Question 2 Multiple Choice
An oil supply shock sharply raises input costs (marginal costs) while simultaneously reducing potential output. Under the NKPC, the expected outcome is:
AFalling inflation, because the output gap turns negative and dominates the equation
BNo change in inflation, because supply shocks do not enter the NKPC
CBoth rising inflation and falling output simultaneously — stagflation — because the NKPC links inflation directly to real marginal cost, not only to the output gap
DRising unemployment and falling inflation, as the traditional Phillips curve predicts for all shocks
The NKPC links inflation to real marginal cost (proxied by the output gap). A supply shock raises marginal costs directly, pushing inflation up through the κx_t term, even as output falls below potential. This is the NKPC's key advantage over the traditional Phillips curve: it naturally accommodates cost-push inflation that produces stagflation — rising prices alongside rising unemployment — which the demand-focused traditional curve could not explain. The two terms (expectations and marginal cost) can push in opposite or reinforcing directions.
Question 3 True / False
In the New Keynesian Phillips Curve (π_t = βE_t[π_{t+1}] + κx_t), today's inflation is driven primarily by past inflation through adaptive expectations and backward-looking adjustment.
TTrue
FFalse
Answer: False
This describes the *traditional* (adaptive expectations) Phillips curve, not the NKPC. In the NKPC, current inflation is driven by *expected future* inflation (E_t[π_{t+1}]) and the current output gap. The forward-looking nature arises from firms' optimization: a firm resetting its price today knows it may be locked in for several periods, so it sets a price that accounts for expected future costs and inflation. Past inflation does not enter directly; if expectations were re-anchored to zero, current inflation could fall immediately.
Question 4 True / False
Central bank credibility matters more in the New Keynesian framework than in traditional models because inflation expectations of future policy feed directly into current pricing decisions.
TTrue
FFalse
Answer: True
In adaptive-expectations models, inflation has inertia because people expect tomorrow to look like yesterday — credibility is helpful but its effect is gradual, working through slowly updating expectations. In the NKPC, because current inflation depends on E_t[π_{t+1}], a credible commitment to lower future inflation reduces current inflation immediately through current pricing decisions. A central bank that lacks credibility will find that firms set higher prices today in anticipation of high future inflation — making the inflation problem self-fulfilling. Credibility is not just helpful; it is a direct input to the inflation equation.
Question 5 Short Answer
What does it mean for the NKPC to be 'forward-looking,' and why does this make central bank communication a genuine policy instrument?

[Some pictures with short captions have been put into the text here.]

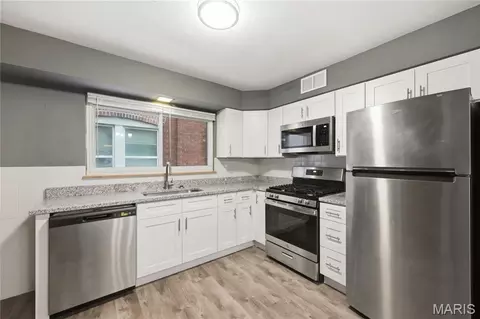 Kitchen - 3236 S Compton Ave, Saint Louis, MO 63118 photo 1 of 5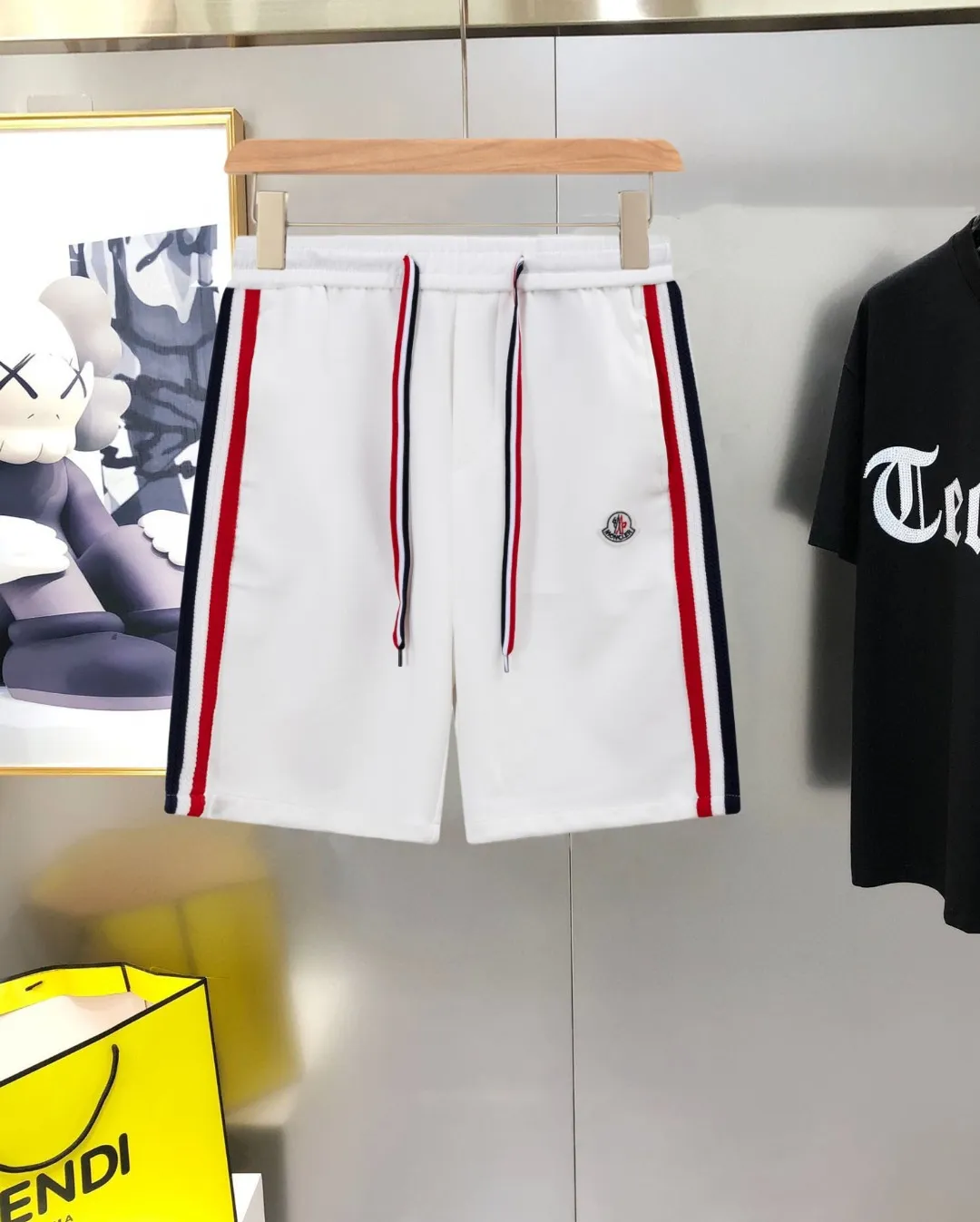 SSNew Arrival Same Style👫logo ， Same Style ， ！ * ， logo ！ ， ， ！ ， 、 、 ， ！ Breathable 。Versatile ， ， V ， ， Same Style！ Size：M-3XL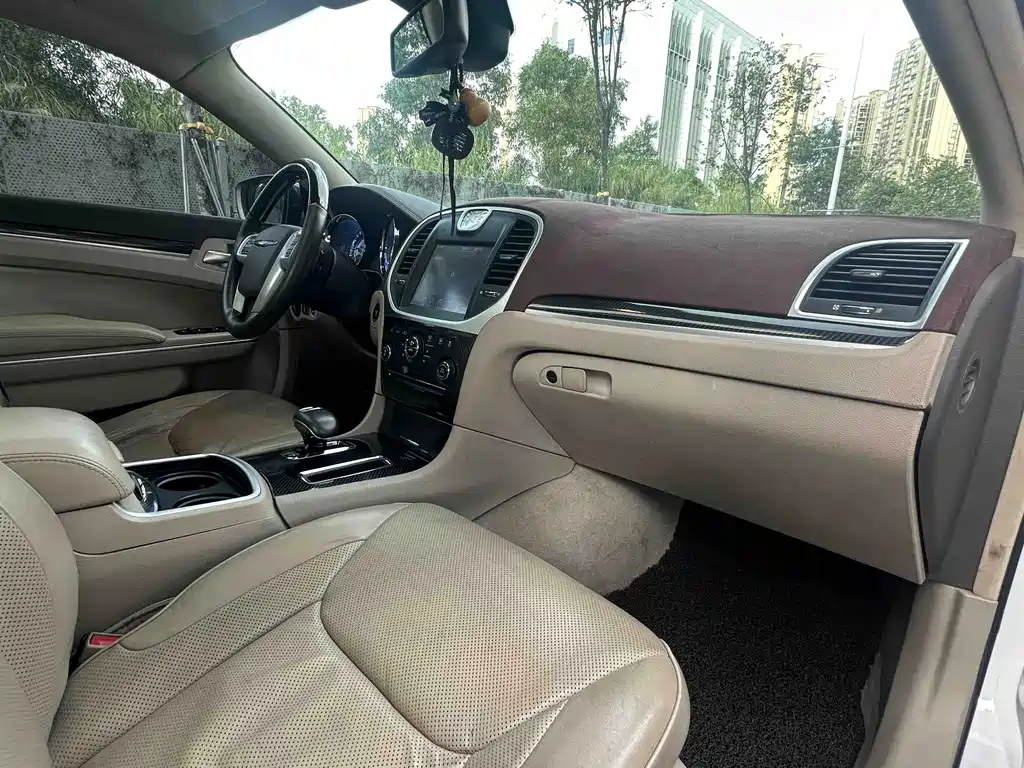 Chrysler 300C — миниатюра 22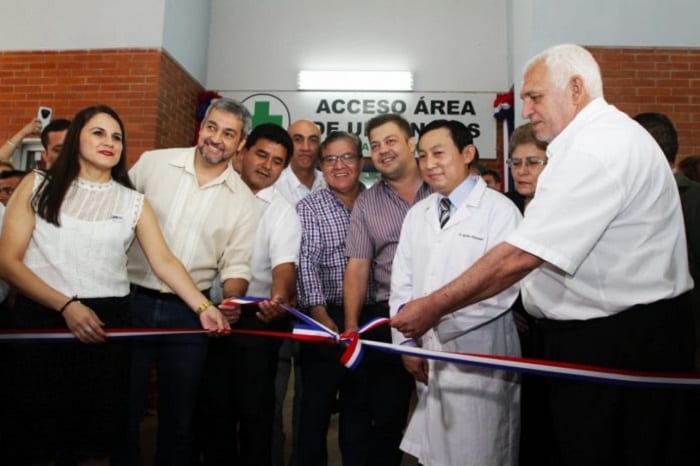 Presidente entrega obras y equipos para fortalecer sistema de salud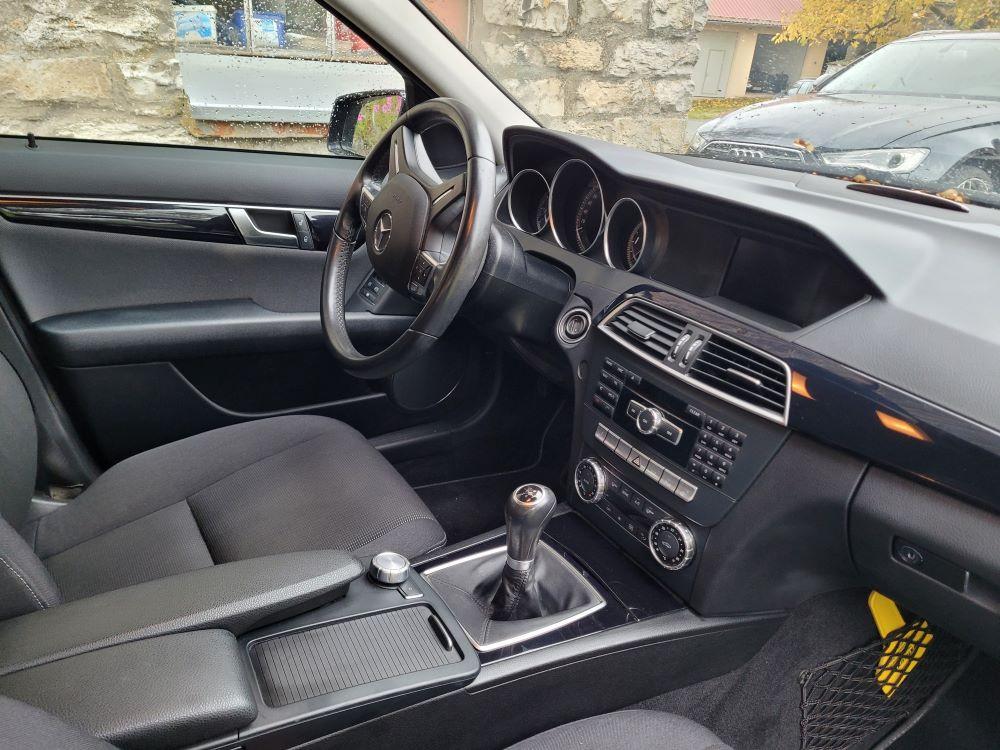 Mercedes-Benz C200 2011 — двигун 2.143 cm³, 136 HP (100kW)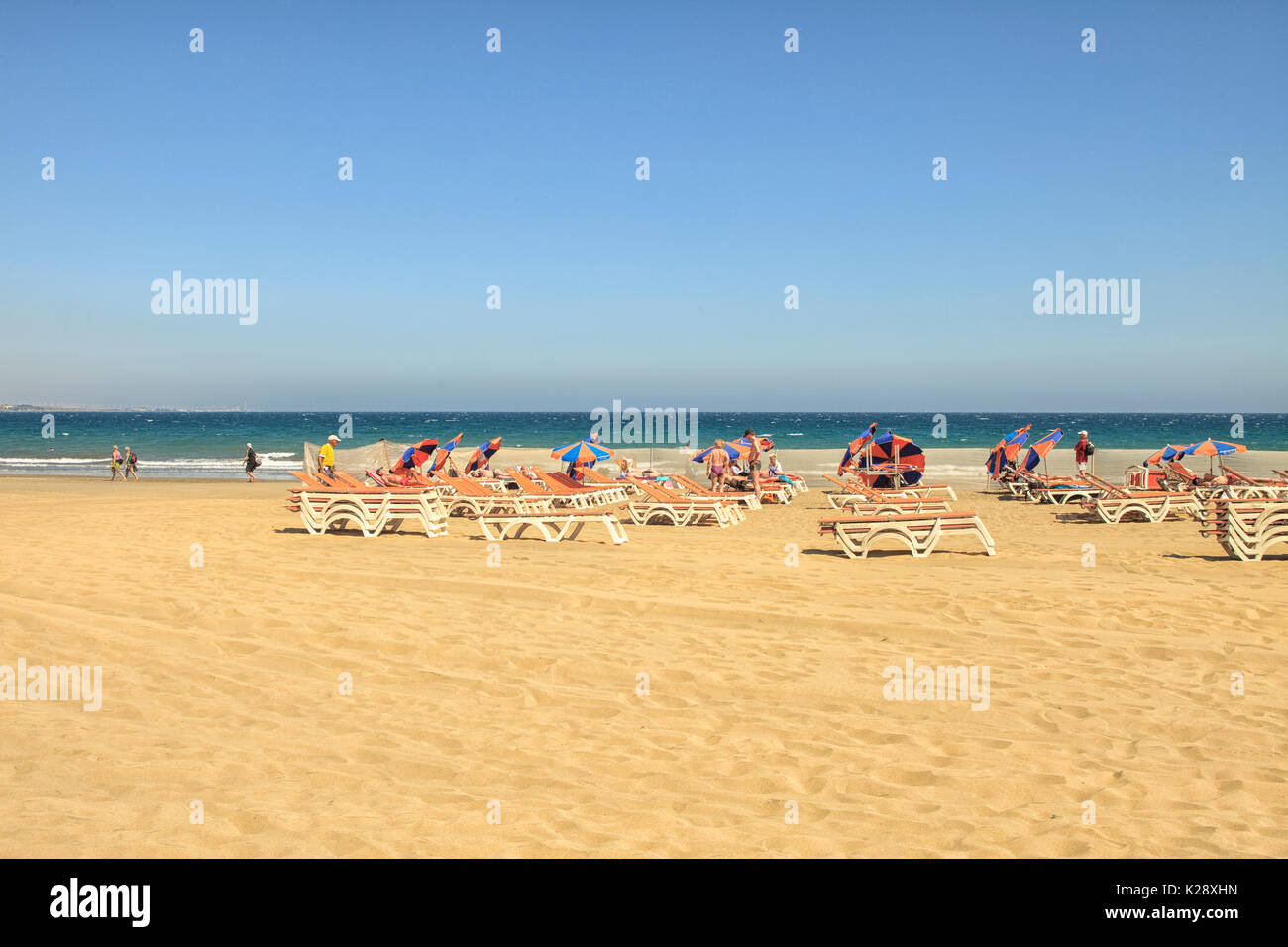 PLAYA DEL INGLES, GRAN CANARIA - 3. März: die Leute am Strand und in der Sonne am Playa del Ingles auf Gran Canaria am 3. März 2012. Playa Ingles ist der p Stockfoto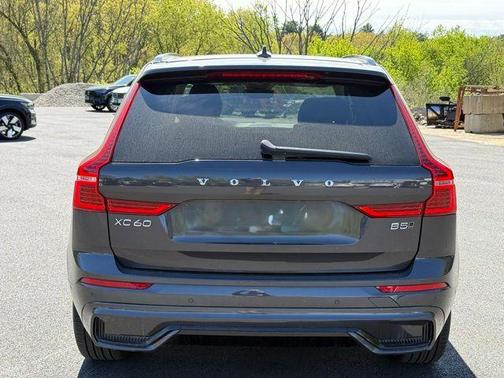 Platinum Gray Metallic 2025 Volvo XC60 B5 Plus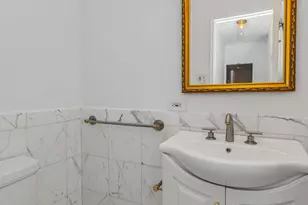 400 E 56th St, New York City, NY 10022 - Photo 9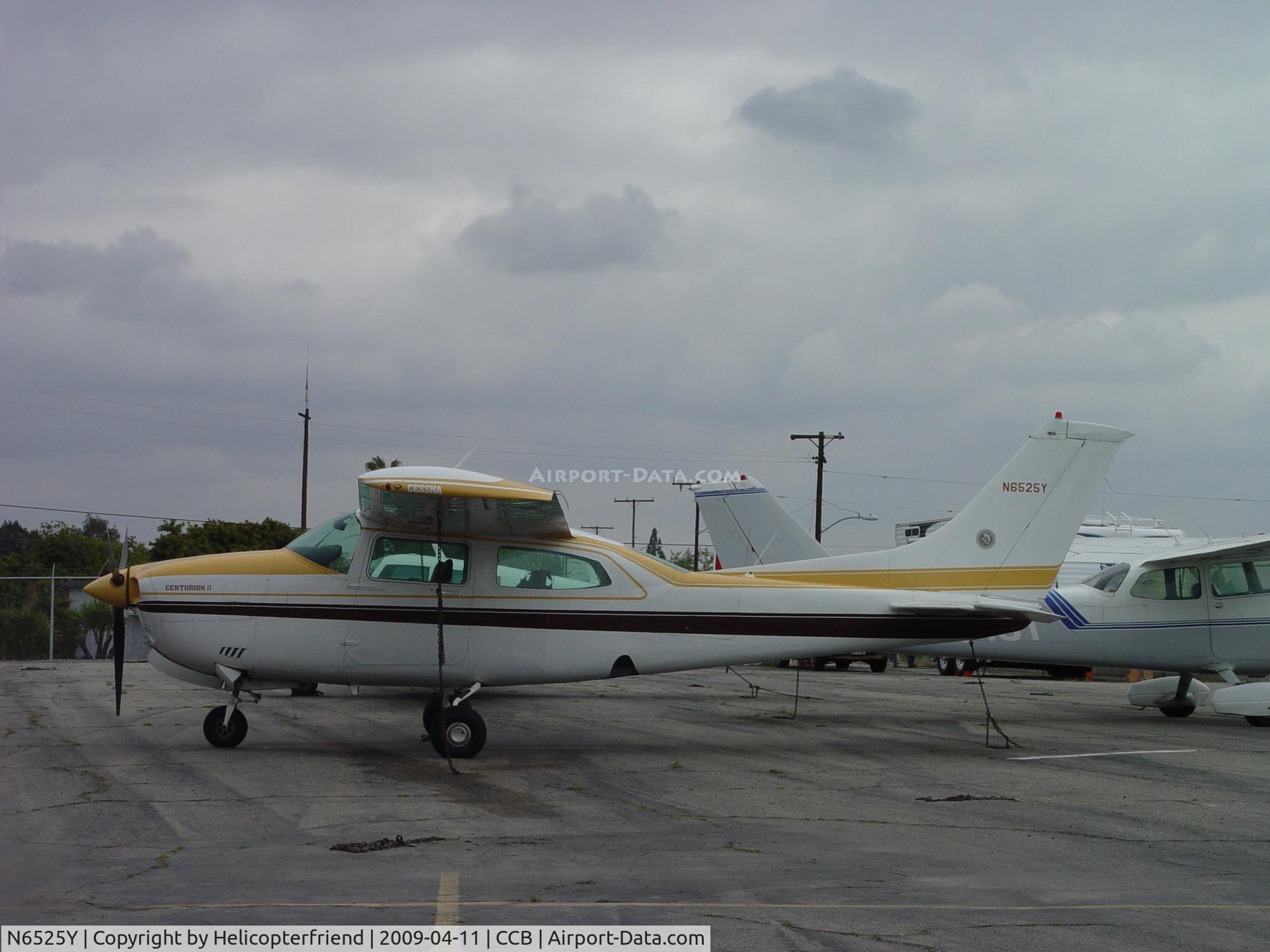 N6525Y, 1981 Cessna T210N Turbo Centurion C/N 21064420, Parked at Cable waiting to be checked out
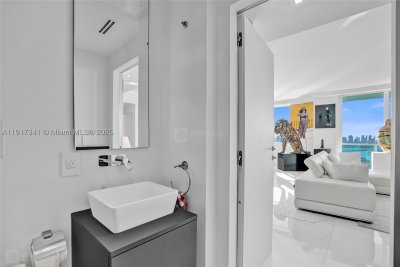Comprar apartamento en Floridian PH01
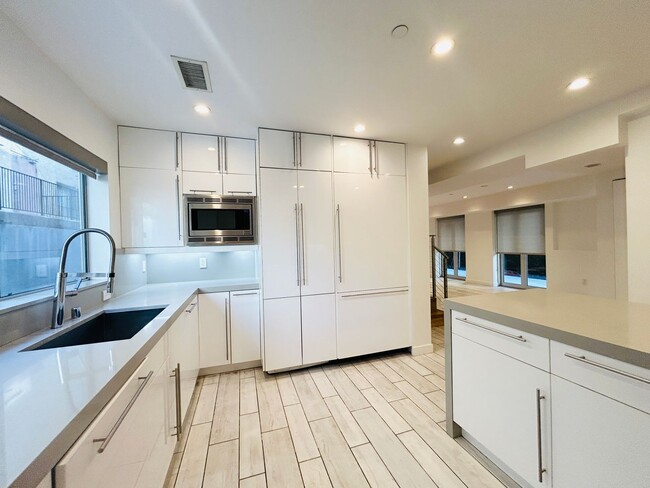 Photo - 947 4th St Unit Three Bedroom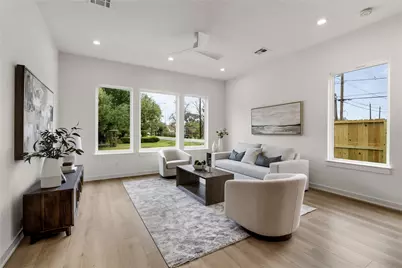 7532 La Salette St, Houston, TX 77021 - Photo 10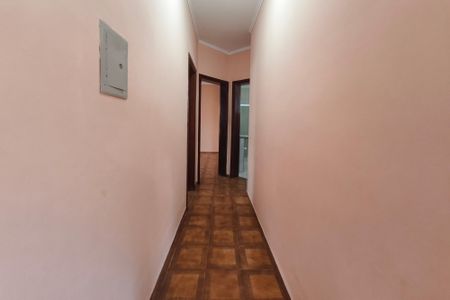 Casa à venda com 249m², 4 quartos e 2 vagasCorredor - Quartos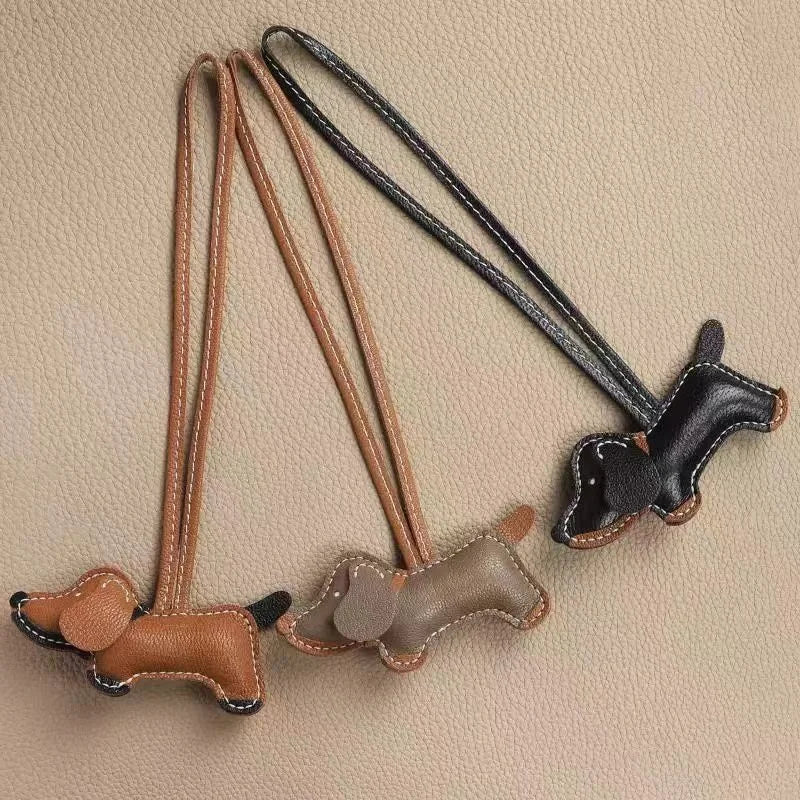 Handmade Leather Dachshund Dog Bag Charm – Premium Sheepskin Handbag Pendant & Keychain | Minimalist Boutique Accessory for Women’s Tote, Purse & Backpack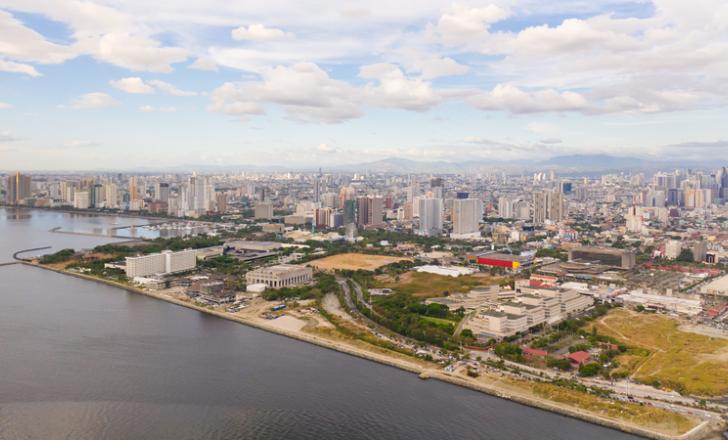 Better transport to and from Manila’s port area is planned – image courtesy © of Tatiana Kornylyeva, Dreamstime.com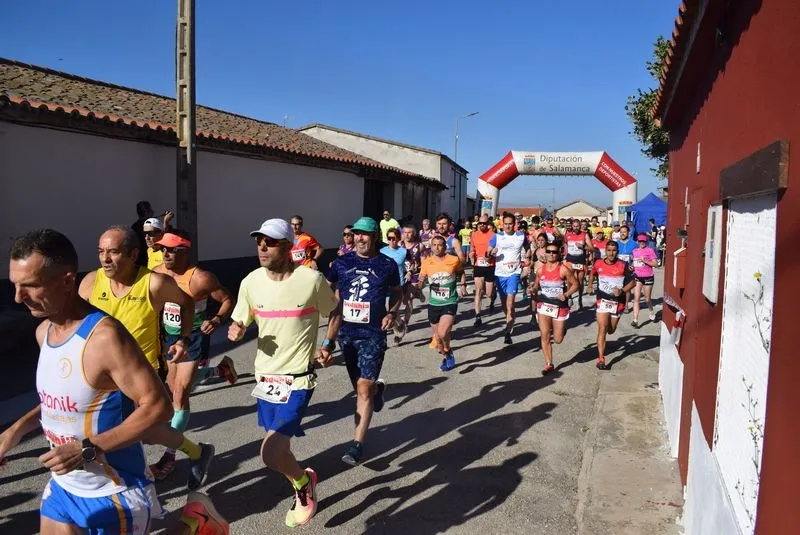  VII Carrera Solidaria Un Nuevo Impulso de Coca de Alba. Foto de la Delegación Salmantina de Atletismo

Think about your answer, then reveal below.
Model answer: The NKPC is forward-looking because current inflation depends on expected *future* inflation (E_t[π_{t+1}]) rather than past inflation. This arises from Calvo pricing: firms that get to reset their price today know they may be stuck with it for several periods, so they set a price that is optimal on average over expected future conditions, weighting expected future marginal costs and price levels. When aggregated across all firms, the economy's current inflation depends on what firms expect the future price level will be. If the central bank credibly commits to low future inflation, firms resetting prices today choose lower prices in anticipation — reducing current inflation without waiting for demand-side effects to work through the system. This makes communication and commitment a first-class policy tool: managing expectations of future policy directly shapes today's pricing behavior.
The contrast with adaptive expectations is sharp. In adaptive models, you can only reduce inflation by engineering a recession (shifting the output gap) and waiting for expectations to slowly update from experience. In the NKPC, credible announcements have immediate effects through the expectations term — a 'costless disinflation' is theoretically possible if credibility is perfect. In practice, credibility is imperfect and disinflation has real costs, but the framework explains why central banks invest heavily in communication.